Search code examples
deep-learninghuggingface-transformershuggingfacehuggingface-tokenizers

How to stop at 512 tokens when sending text to pipeline? HuggingFace and Transformers


I want to test my model using Pipeline by Transformers. My model is a pretrained BERT, which works great if the given text is < 512 tokens. However, when sending the a larger text to the pipeline, it breaks, because it's too long. I tried to search, but couldn't figure out how to solve this issue.

This is my code:

def get_predicted_folder(text, model):
    pipe = pipeline("text-classification", model=model)
    if text:
        predicted_folder = pipe(text)
        label = predicted_folder[0]['label']
        score = predicted_folder[0]['score']
        return label, score
    else:
        err = "Error: The provided text is empty."
        return err, None

my_saved_model = "model/danish_bert_model" (it is saved locally)
label, score = get_predicted_folder(text, my_saved_model)

It gives me this error: RuntimeError: The size of tensor a (1593) must match the size of tensor b (512) at non-singleton dimension 1

I tried to give tokenizer=model to the pipeline, and have this tokenizer = AutoTokenizer.from_pretrained(model_ckpt) before calling the get_predicted_folder method, but it doesn't solve the issue.
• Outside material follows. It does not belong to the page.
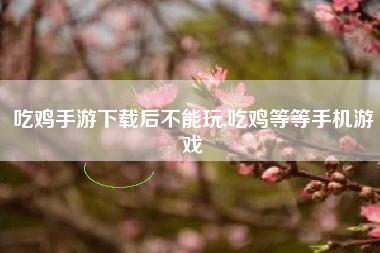 吃鸡手游下载后不能玩,吃鸡等等手机游戏 吃鸡手游下载后不能玩,吃鸡等等手机游戏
The tokenizer inside the model is this:

def tokenize_dataset(tokenizer, examples):
    return tokenizer(examples['text'], truncation=True, max_length=512)
tokenizer = AutoTokenizer.from_pretrained(model_ckpt)
    dataset = dataset.map(lambda examples: tokenize_dataset(tokenizer, examples), batched=True)

Can someone please help me?

Thanks so much in advance!


Solution

  • Only add the tokenizer, maximum length and truncation to the pipe as well and it will work well.

     pipe = pipeline("text-classification", model=model, tokenizer=model_path, max_length=512, truncation=True)